Seu ritmo circadiano precisa de dicas leves.
Deixe a luz do sol entrar em seus olhos logo depois de acordar.
Se você não pode sair de casa? Finja com um despertador ao nascer do sol. Deixe as persianas ligeiramente abertas. Deixe a manhã entrar. Evite luz artificial à noite.
Saia ao acordar para deixar a luz do sol entrar em seus olhos.
O Fator B12
B12 constrói glóbulos vermelhos.
A deficiência causa fadiga.
Os adultos precisam de 2,4 mcg por dia.
Coma carne bovina. Leite. Ostras. Sardinhas. Iogurte.

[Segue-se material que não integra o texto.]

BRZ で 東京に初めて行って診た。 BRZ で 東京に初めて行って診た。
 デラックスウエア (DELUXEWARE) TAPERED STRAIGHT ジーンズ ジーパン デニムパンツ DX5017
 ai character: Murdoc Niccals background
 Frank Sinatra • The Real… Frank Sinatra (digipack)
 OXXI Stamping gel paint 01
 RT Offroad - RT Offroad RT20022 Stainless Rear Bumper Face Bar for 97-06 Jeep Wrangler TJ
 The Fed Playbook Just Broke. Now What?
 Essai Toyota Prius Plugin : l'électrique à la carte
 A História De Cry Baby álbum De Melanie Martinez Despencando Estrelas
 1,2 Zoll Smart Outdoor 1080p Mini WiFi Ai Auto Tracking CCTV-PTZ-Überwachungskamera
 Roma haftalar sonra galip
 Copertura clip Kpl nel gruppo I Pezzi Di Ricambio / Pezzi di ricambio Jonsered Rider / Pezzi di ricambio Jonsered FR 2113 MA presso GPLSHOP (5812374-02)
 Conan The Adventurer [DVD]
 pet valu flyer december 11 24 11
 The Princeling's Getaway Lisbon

Vegetarianos e veganos estão em risco aqui. Suplemente com cuidado. Pergunte ao seu médico o que você precisa.
Mova mais
Curtas rajadas de exercícios moderados matam a fadiga.
O humor aumenta. A energia permanece mais alta.
Não fique sentado o dia todo. Levante-se a cada trinta minutos.
Suba as escadas. Ande rapidamente pelo escritório. Ande de bicicleta para o trabalho, se puder.
Não se trata de maratonas. É uma questão de movimento.
Limite de álcool
O álcool prejudica a qualidade do sono.
Mesmo se você cair. Você não descansa.
Mulheres: uma bebida por dia. Homens: dois.
Ou zero. Zero é mais seguro.
Chiclete e canto
Mascar chiclete. A pesquisa sugere que melhora o foco e o estado de alerta.
Mas cuidado. Muita goma sem açúcar é igual a gás. Inchaço não é a vibe.
Cantar. Realmente.
Tocar teclas, bater ritmo, cantar. A música aumenta os níveis de energia de muitas pessoas.
Mascar chiclete pode aumentar o estado de alerta, mas grandes quantidades de opções sem açúcar podem causar gases.
Rotinas são importantes
Acorde ao mesmo tempo. Vá para a cama ao mesmo tempo.
A consistência gera eficiência. Ele constrói energia.
A rotina é chata até facilitar tudo.
Massagem e Aroma
Uma breve massagem apoia a função cerebral. Reduz a fadiga mental. Ajuda a memória.
Reserve um, se puder.
Aromaterapia funciona para alguns.
Botão de cravo, incenso de laranja, tomilho. Estudos mostram que esta mistura ajuda a fadiga em pacientes com COVID pós-agudo.
Outros para tentar:
Bergamota. Cedro. Gerânio. Ruivo. Limão. Árvore do chá.
Misture óleos essenciais com um óleo transportador como o de coco. Não os despeje diretamente na pele. Leia os rótulos. Sempre.